In mezzo al serpentone, che ha sfilato sotto una pioggia gelida, le tradizionali bandiere con il treno crociato, quelle di Rifondazione, Pdci, Cub, Fiom, Cobas, Legambiente, i parlamentari e i consiglieri regionali del Movimento 5 Stelle. Un trenino, con le sagome dei pm Andrea Padalino e Antonio Rinaudo che si sono occupati delle inchieste sui No Tav, ha chiuso il corteo con la scritta: «No Tav pericolosi terroristi? Ma non fateci ridere». Lele Rizzo, sul palco di piazza Castello, ha parlato di giustizia con due pesi e due misure: «Per il disastro del Vajont ci furono condanne per dieci anni in totale, per i 48 No Tav del maxiprocesso, per i fatti dell’estate 2011, ben 150 anni di carcere. D’altronde, noi siamo considerati il nemico pubblico numero uno». Alberto Perino ha rilanciato: «Noi non siamo solo ottimisti, come chiede Renzi. Noi siamo sicuri: il Tav non si farà».
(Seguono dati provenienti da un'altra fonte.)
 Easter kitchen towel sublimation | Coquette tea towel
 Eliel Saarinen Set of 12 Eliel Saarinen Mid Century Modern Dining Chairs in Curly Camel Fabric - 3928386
In contemporanea alla manifestazione, gli hacker di Anonymous hanno oscurato, in sostegno ai No Tav, i siti del Cipe (Comitato interministeriale per la programmazione economica) e del Tribunale di Torino. Polemiche, invece, per il blocco di un treno proveniente da Milano carico di militanti, perché, secondo quanto sostengono le Ferrovie, alcuni manifestanti erano saliti a bordo senza pagare il biglietto. Gli attivisti milanesi sono arrivati a manifestazione conclusa e si sono diretti alla Cavallerizza, bene comune a rischio vendita, dove è continuata con un concerto la protesta contro la Torino-Lione.
Infine, mentre a Chiomonte proseguono i lavori del cunicolo esplorativo, avanza l’ipotesi che quelli futuri, e in ritardo, del tunnel di base possano evitare Susa, e così le temute contestazioni No Tav.
Il governo valuta, infatti, una modifica per procedere in galleria passando dallo scavo della Maddalena di Chiomonte. Una variante che potrebbe portare ulteriori costi, circa 250 milioni di euro. Un’alternativa complicata e non agevole.